* WHAT YOU HAVE TO DO:
Search the entries below for "Bianco Lucci Women's". Give that line and all the lines after it again, exactly, through the last, without pictures.

* SOURCE INFORMATION:
_ _ _

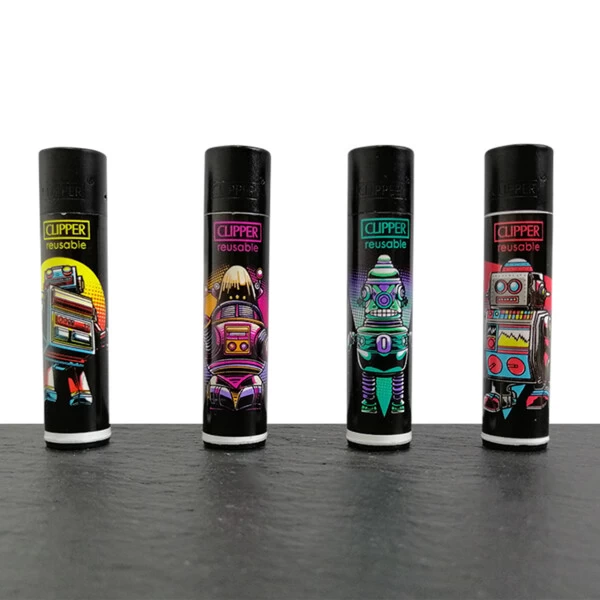 Clipper Feuerzeuge 4er Set: Retro Wave Robots 4 Clipper Feuerzeuge 4er Set: Retro Wave Robots – Bild 2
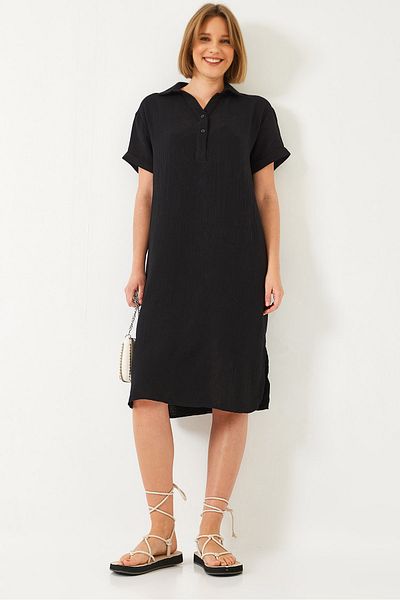 Bianco Lucci Women's Polo Neck Summer Loose Muslin Dress 70222 60271009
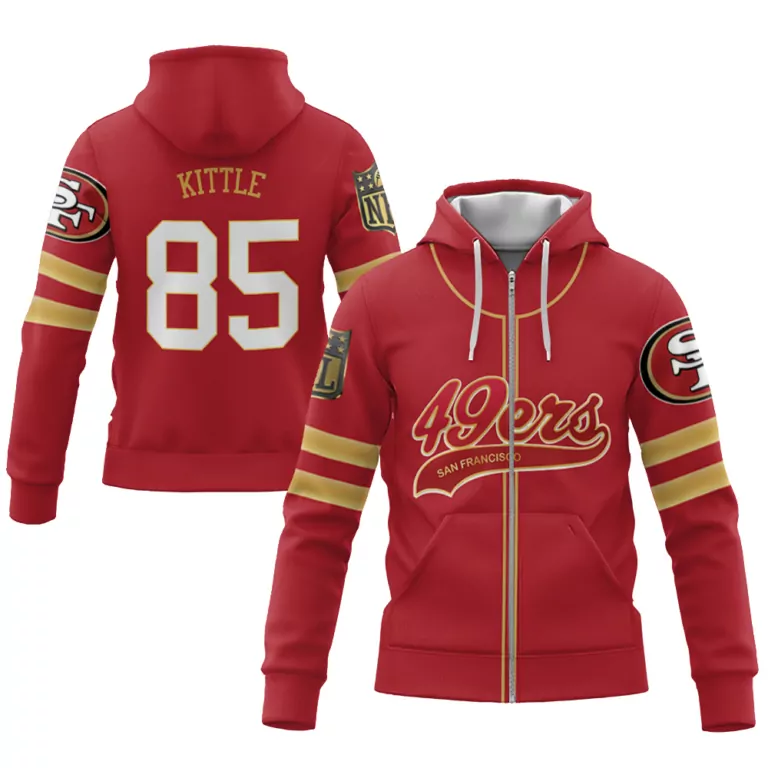 George Kittle 85 Jersey Red San Francisco 49ers Men Full Zip Hoodie Gold Cool Base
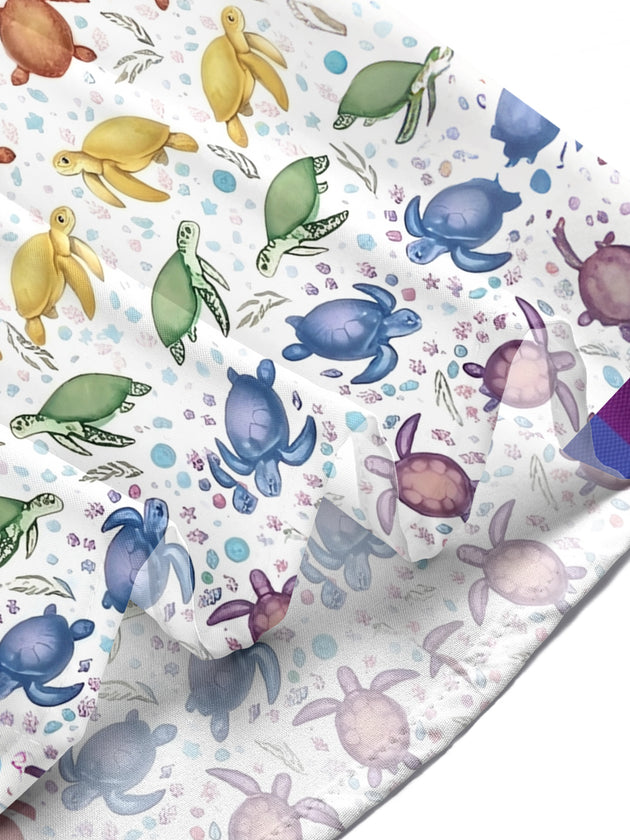 Pride Month Turtle Hawaiian Print Men's Pocket Short Sleeve Shirts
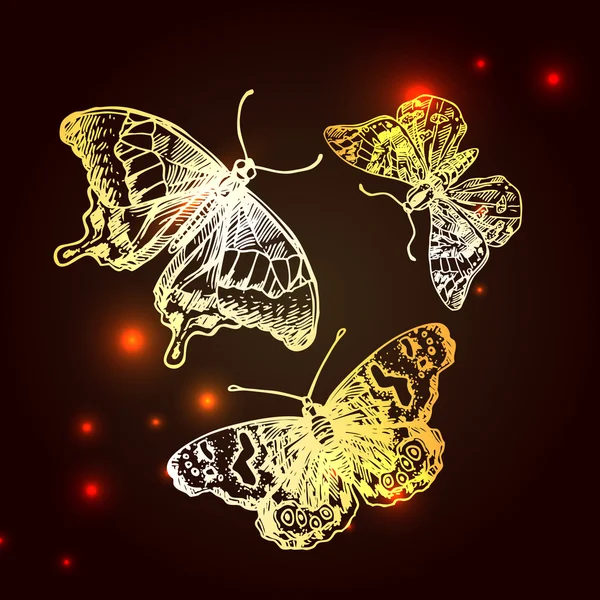 Skissa av fjärilar — Stock vektor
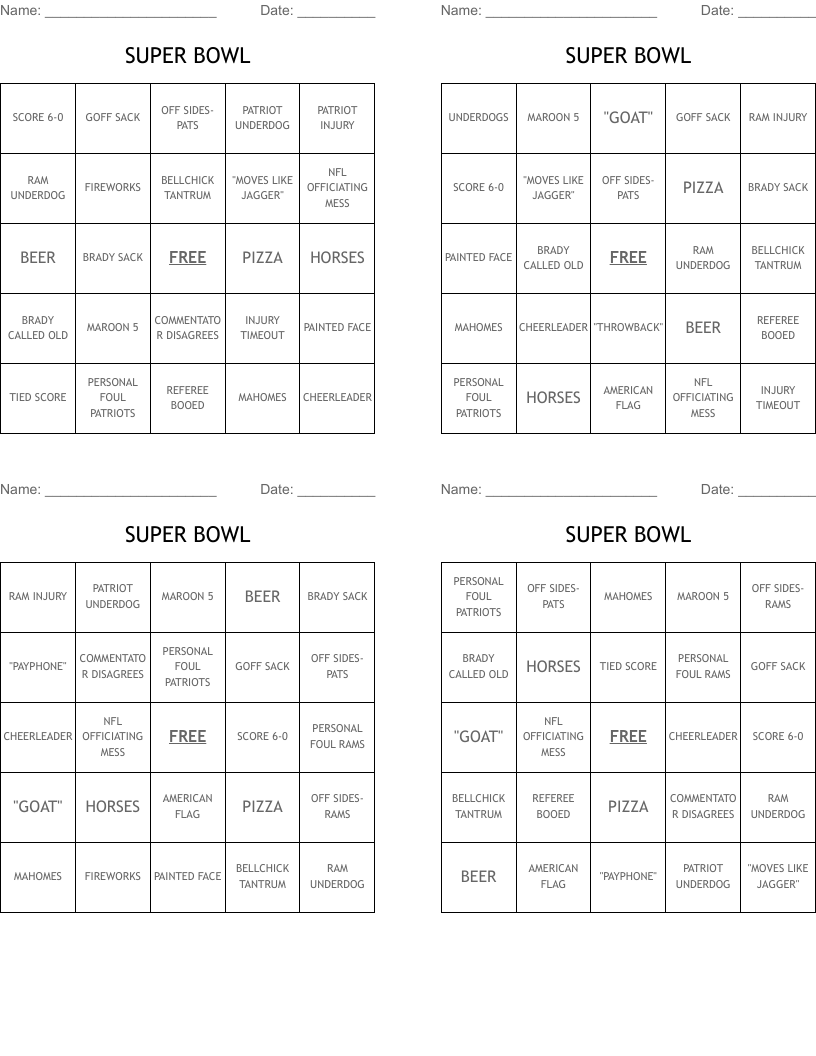 SUPER BOWL Bingo Cards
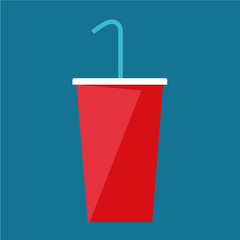A illustrated soft drink with a drinking straw- Vector illustration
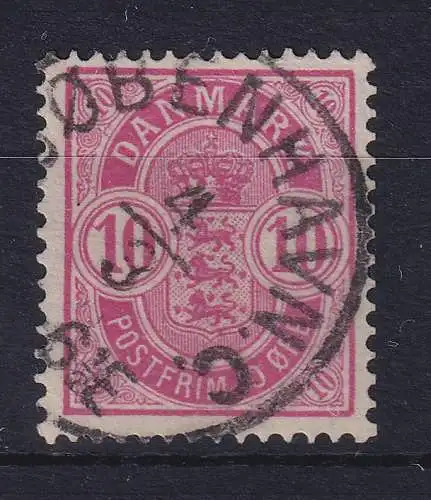 Dänemark 1886 Wappen 10 Øre Mi.-Nr. 35 YAb O København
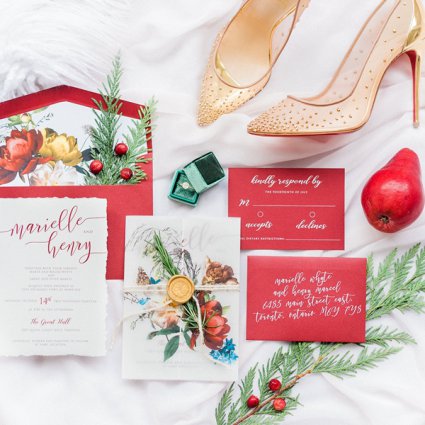 The Polka Dot Paper Shop featured in A Marriage in a Pear Tree: A Beautiful Holiday Style Shoot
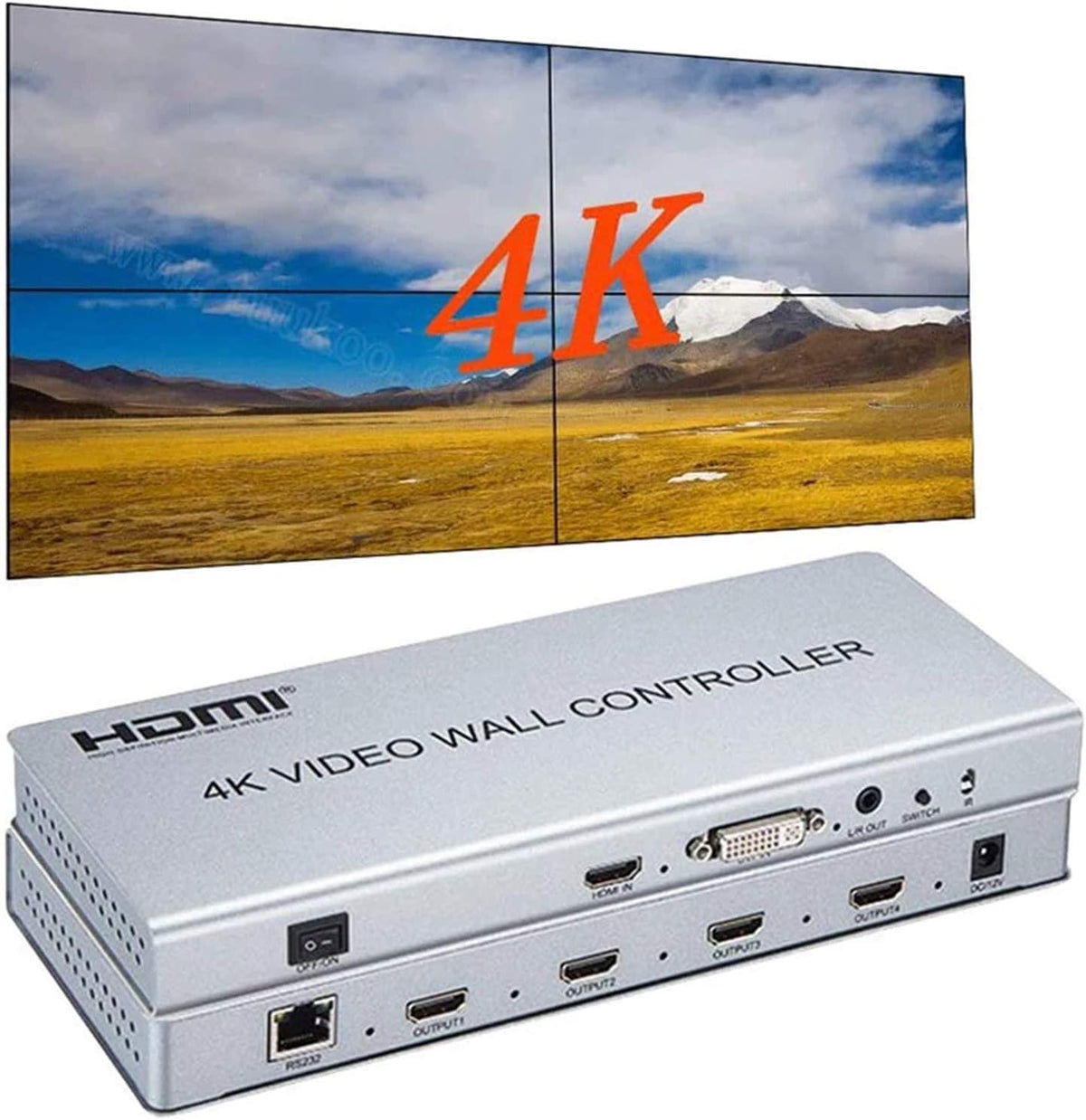 4K 2x2 Video Wall Controller Splitter, 4X1 Quad Viewer, 1 HDMI/DVI Input, 4 HDMI Output J88239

_ _ _

* TASK ANSWER:
 Bianco Lucci Women's Polo Neck Summer Loose Muslin Dress 70222 60271009
 George Kittle 85 Jersey Red San Francisco 49ers Men Full Zip Hoodie Gold Cool Base
 Pride Month Turtle Hawaiian Print Men's Pocket Short Sleeve Shirts
 Skissa av fjärilar — Stock vektor
 SUPER BOWL Bingo Cards
A illustrated soft drink with a drinking straw- Vector illustration
 Dänemark 1886 Wappen 10 Øre Mi.-Nr. 35 YAb O København
 The Polka Dot Paper Shop featured in A Marriage in a Pear Tree: A Beautiful Holiday Style Shoot
 4K 2x2 Video Wall Controller Splitter, 4X1 Quad Viewer, 1 HDMI/DVI Input, 4 HDMI Output J88239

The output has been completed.